Exercise input:
⁂

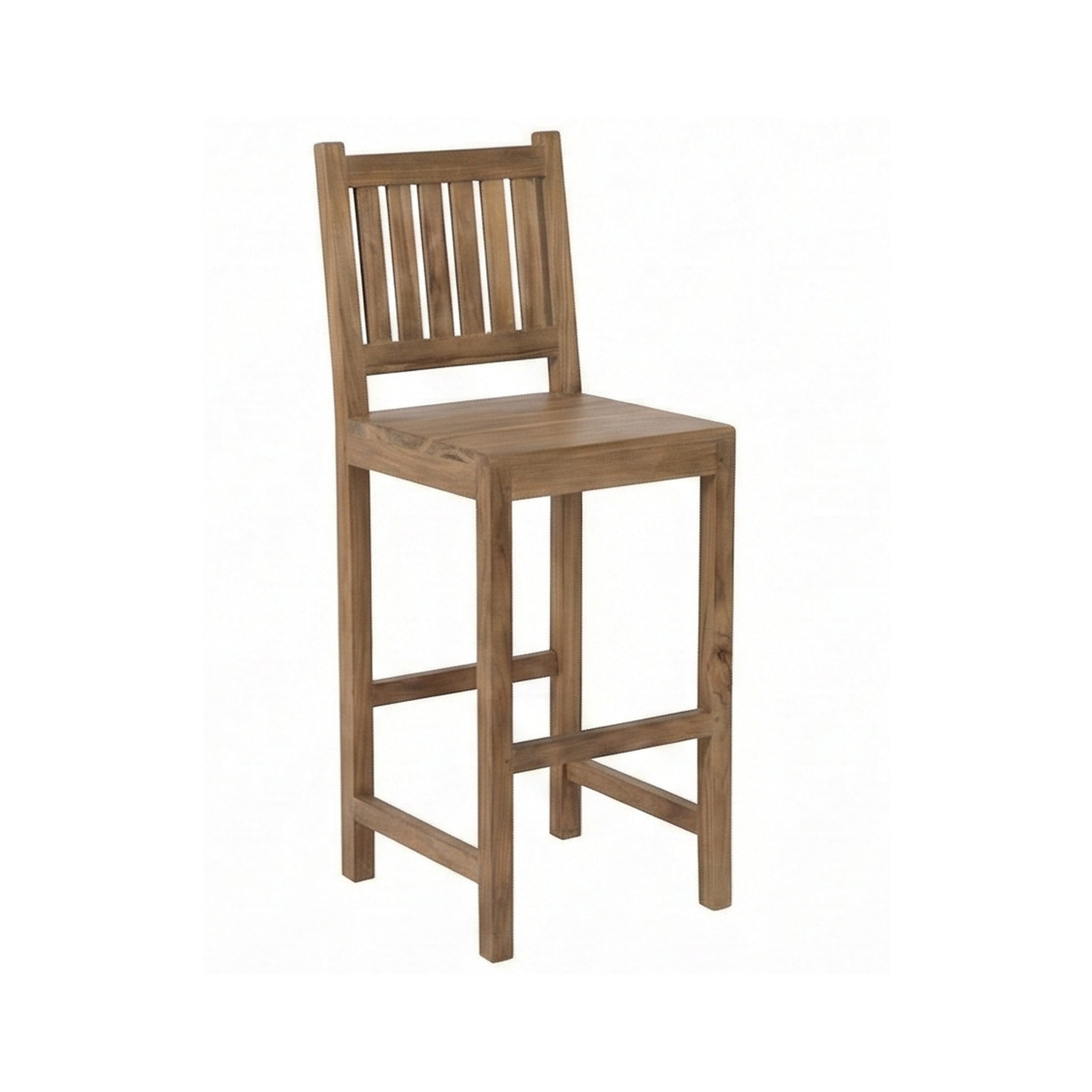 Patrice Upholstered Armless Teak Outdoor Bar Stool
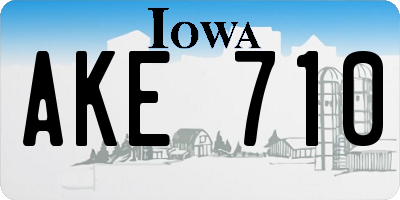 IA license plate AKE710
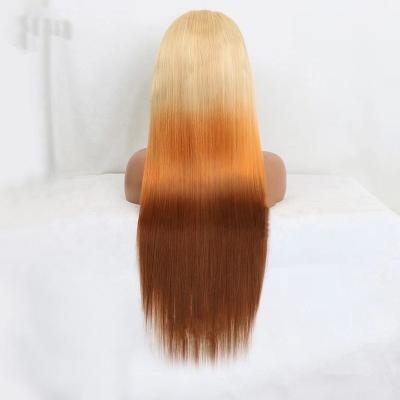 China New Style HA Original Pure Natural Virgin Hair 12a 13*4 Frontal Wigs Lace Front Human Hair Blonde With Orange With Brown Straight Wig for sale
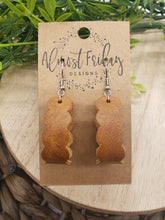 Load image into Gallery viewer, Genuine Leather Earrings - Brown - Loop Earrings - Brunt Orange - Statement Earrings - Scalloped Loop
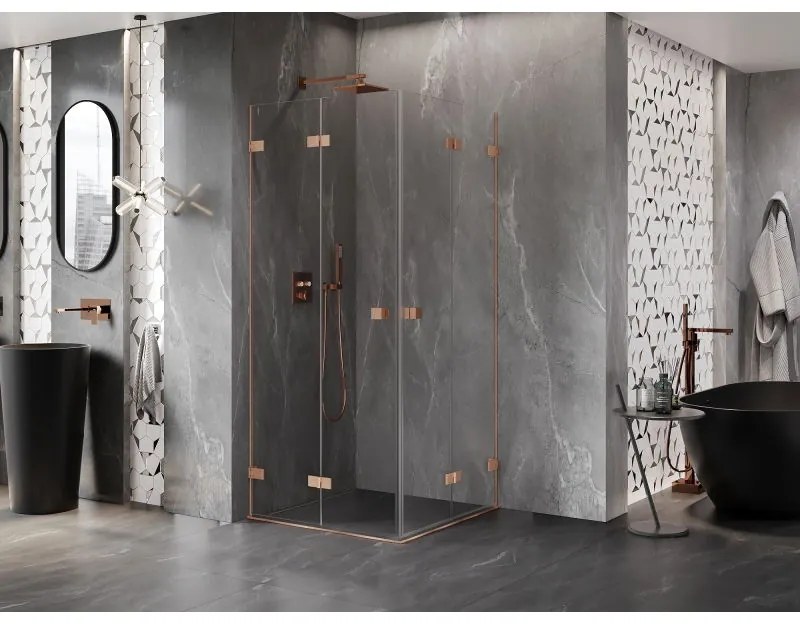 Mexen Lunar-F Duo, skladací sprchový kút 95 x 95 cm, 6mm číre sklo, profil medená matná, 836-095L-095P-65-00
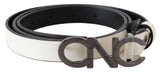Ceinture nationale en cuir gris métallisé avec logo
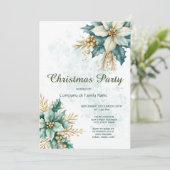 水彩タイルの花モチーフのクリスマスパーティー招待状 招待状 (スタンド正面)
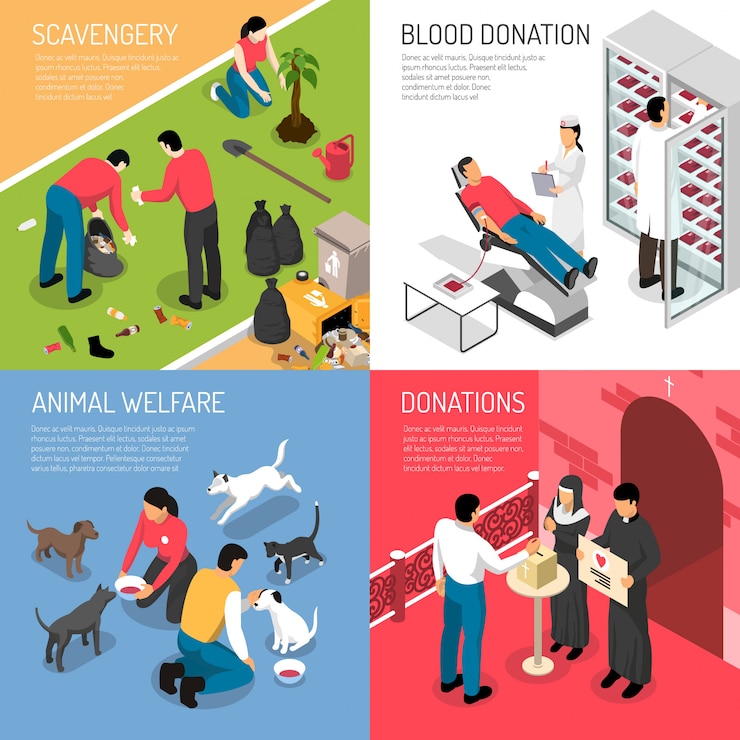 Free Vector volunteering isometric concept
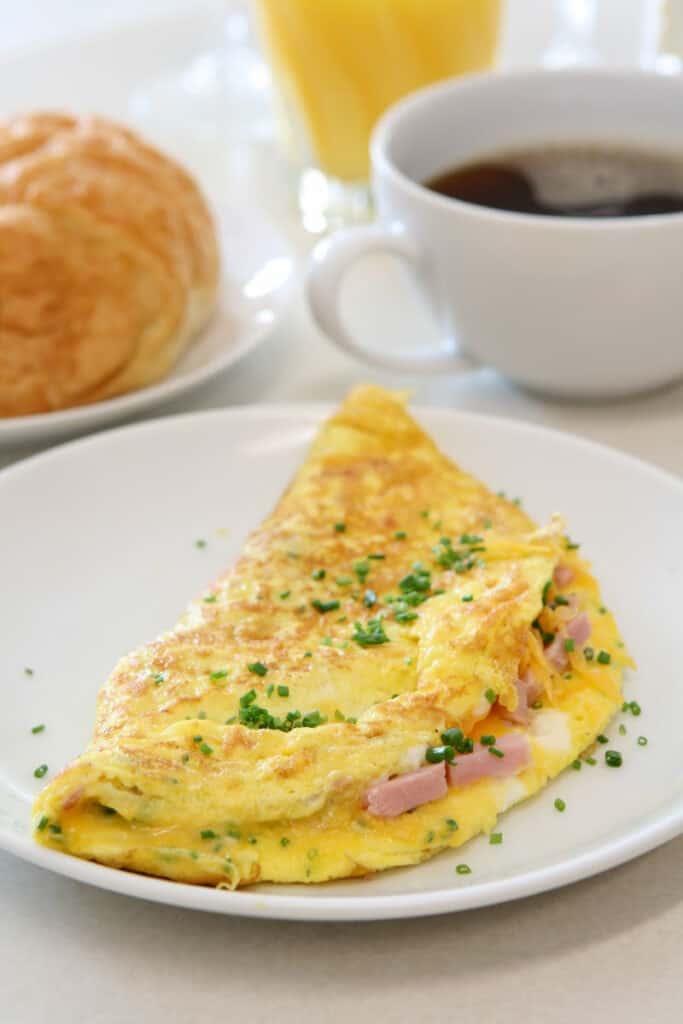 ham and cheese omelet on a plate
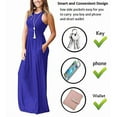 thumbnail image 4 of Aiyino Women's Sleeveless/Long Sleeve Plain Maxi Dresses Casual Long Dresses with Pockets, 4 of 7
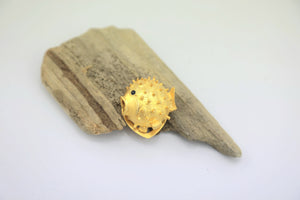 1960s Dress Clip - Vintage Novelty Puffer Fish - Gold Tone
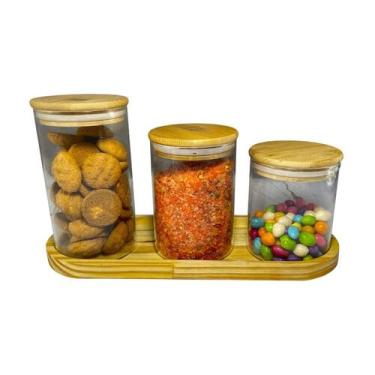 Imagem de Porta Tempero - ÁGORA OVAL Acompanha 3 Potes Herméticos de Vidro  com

⁂

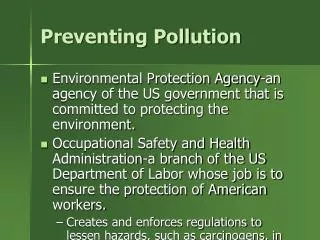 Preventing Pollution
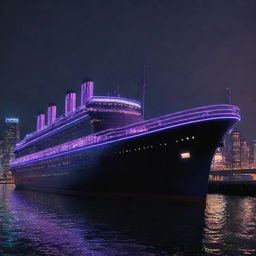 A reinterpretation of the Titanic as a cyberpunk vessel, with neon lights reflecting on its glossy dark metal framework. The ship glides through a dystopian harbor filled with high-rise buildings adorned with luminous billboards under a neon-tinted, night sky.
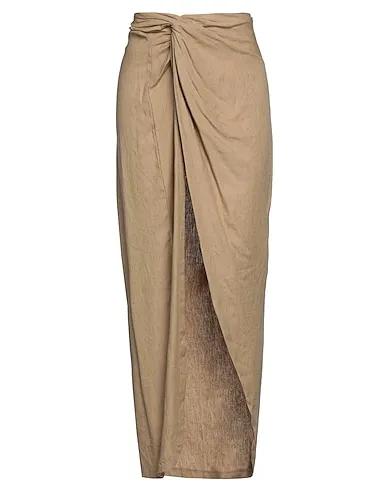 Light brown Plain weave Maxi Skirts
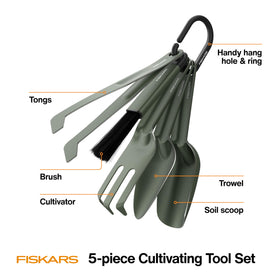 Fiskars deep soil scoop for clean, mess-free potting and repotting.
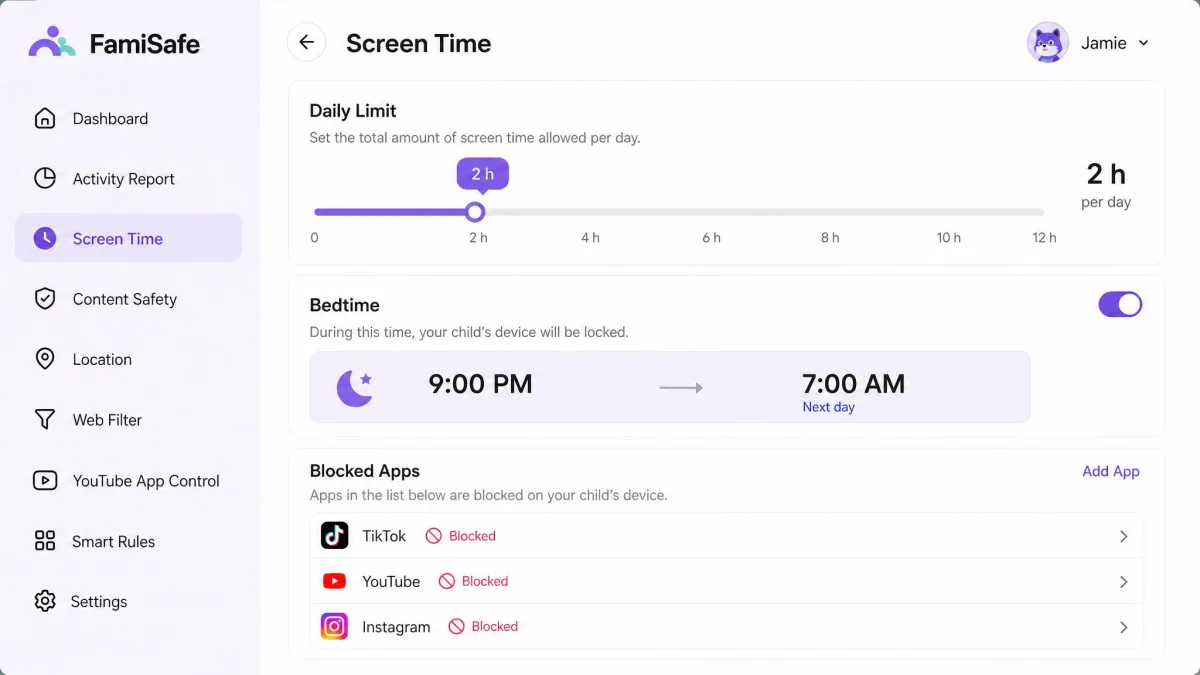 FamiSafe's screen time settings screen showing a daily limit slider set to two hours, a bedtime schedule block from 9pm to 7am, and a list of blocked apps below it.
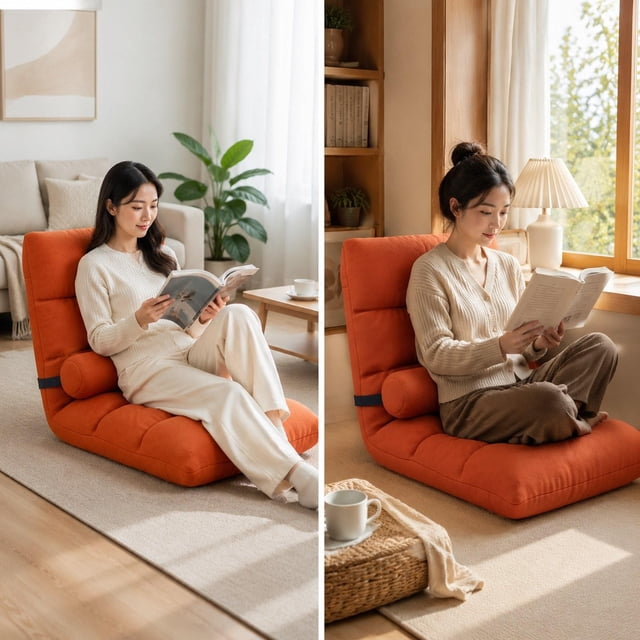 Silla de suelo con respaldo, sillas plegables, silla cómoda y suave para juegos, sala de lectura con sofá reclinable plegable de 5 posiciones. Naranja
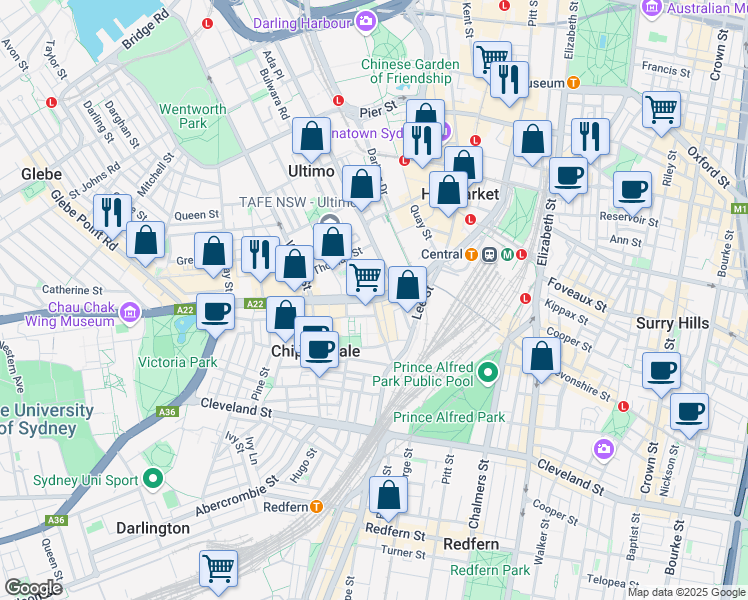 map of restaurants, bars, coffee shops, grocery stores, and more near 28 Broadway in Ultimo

⁂

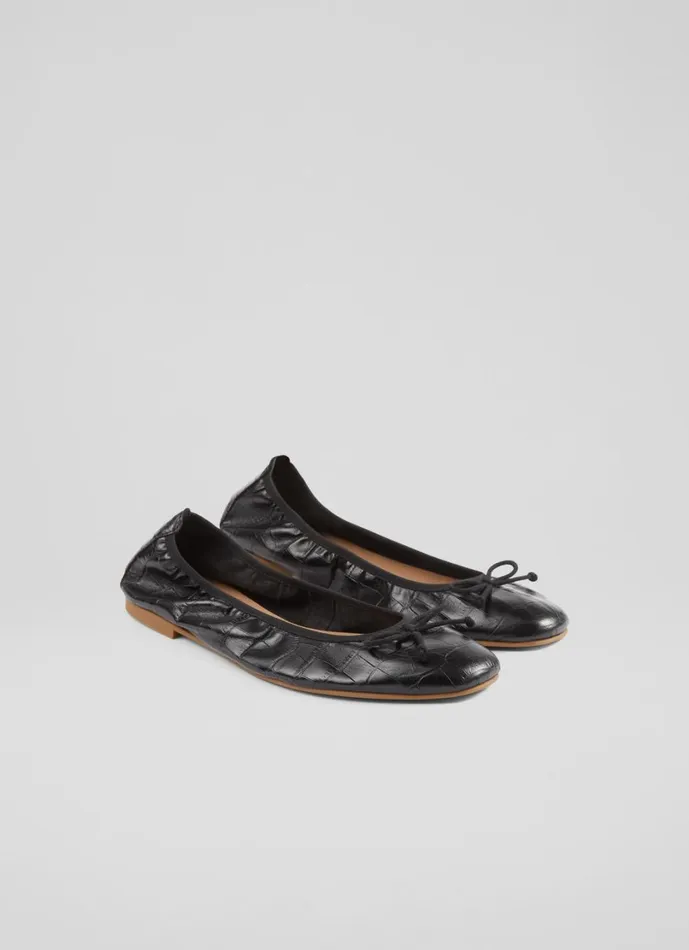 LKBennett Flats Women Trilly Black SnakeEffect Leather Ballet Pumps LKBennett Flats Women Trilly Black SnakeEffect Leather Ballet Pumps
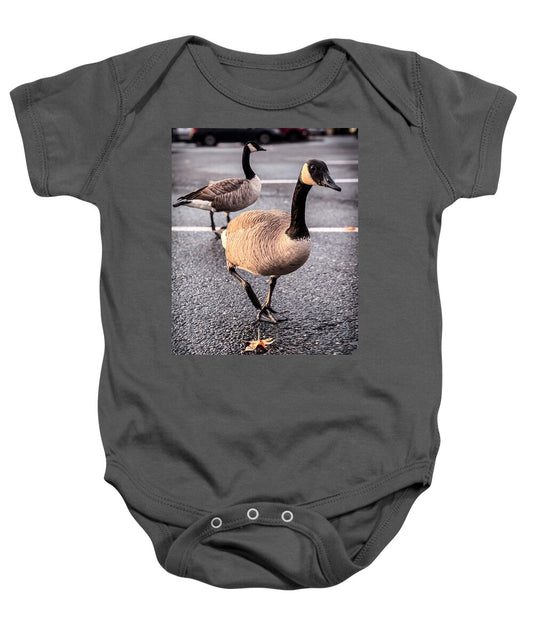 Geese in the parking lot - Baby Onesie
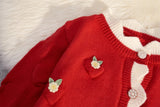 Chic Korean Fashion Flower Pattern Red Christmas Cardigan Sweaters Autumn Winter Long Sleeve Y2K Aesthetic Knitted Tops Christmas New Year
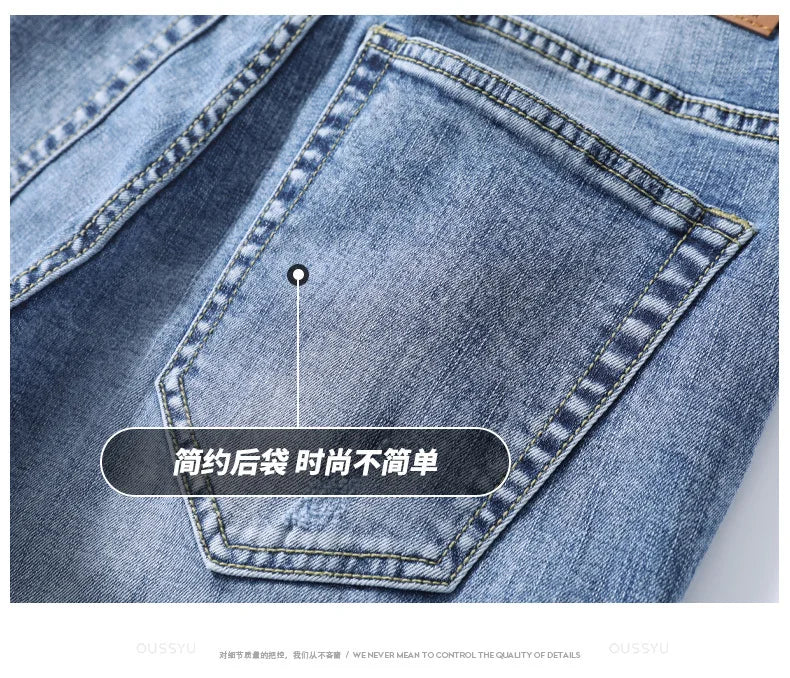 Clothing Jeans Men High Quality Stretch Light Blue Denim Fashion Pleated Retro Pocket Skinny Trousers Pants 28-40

⁂

Reproduce the data above exactly, but only the lines from the one showing "thumbnail image 4" through the one showing "Imagem de Porta", with both ends kept and the pictures left out.

 thumbnail image 4 of Aiyino Women's Sleeveless/Long Sleeve Plain Maxi Dresses Casual Long Dresses with Pockets, 4 of 7
 1960s Dress Clip - Vintage Novelty Puffer Fish - Gold Tone
 Imagem de Porta Tempero - ÁGORA OVAL Acompanha 3 Potes Herméticos de Vidro  com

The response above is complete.